I do not accept that emotive way of putting the case, or the comparative way of putting it. I do not think that it is right to say that there has been a savage cut. It is right to say the Health and Safety Executive, in common with the rest of the public sector, is subject to the Government's policy of reaucing public expenditure. However, because of the importance attached to this work by the Government, the proposed money cuts are less than those proposed for many other areas of expenditure.

The Government have not made any bones about the likelihood that some visits will be cut in consequence. However, it should be borne in mind that the Health and Safety Executive—if I can put it this way—has come off better than many other areas of expenditure for the very reason that I gave at the outset: the Government attach great importance to the executive's ability to carry out its work properly. The commission and the executive are at present examining the effects of the proposed cut in the HSC budget on the work of the various divisions.

I should mention perhaps that the 3 per cent. cut in salaries and related expenditure imposed in 1979–80 was a cash cut of almost £1 million. For 1980–81, this new level is being taken as a base and is further reduced by £0.6 million as a first stage of the further reduction by 1982–83 of £2.2 million in staff costs. In 1982–83, the cuts announced by the Government in our statement of 6 December will amount to £2.23 million or about 260 jobs.
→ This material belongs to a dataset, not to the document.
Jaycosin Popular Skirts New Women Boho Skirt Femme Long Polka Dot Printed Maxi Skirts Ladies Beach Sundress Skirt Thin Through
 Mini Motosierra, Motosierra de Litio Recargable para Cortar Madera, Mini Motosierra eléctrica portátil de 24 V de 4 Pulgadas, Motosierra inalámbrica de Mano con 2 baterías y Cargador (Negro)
Until the review is complete, it is premature to speculate about the effect of those cuts on the number or types of visits paid by inspectors. The commission and the executive are conscious of the important role of inspectorates in carrying out their functions in health and safety matters. I am certain—I have been assured of this—that they will bear that in mind in their deliberations.

An important point to remember is that the inspectorates will from now on have to give less of their time to training than they have in recent years. The training load is now diminishing and the overall effectiveness of the inspectorates' field force will therefore be enhanced.

The hon. Gentleman mentioned warrants and drew attention to the fact that notification of accidents, for example, may be made to any type of inspector, whether or not he has a specialist knowledge of the matter complained of. Technically, that is correct, but I hope that the hon. Gentleman will accept that assurance that I gave, in a written answer, that internal—

The Question having been proposed after Ten o'clock on Tuesday evening and the debate having continued for half an hour, Mr. DEPUTY SPEAKER adjourned the House without Question put, pursuant to the Standing Order.

Adjourned at twenty-one minutes past Twelve o'clock.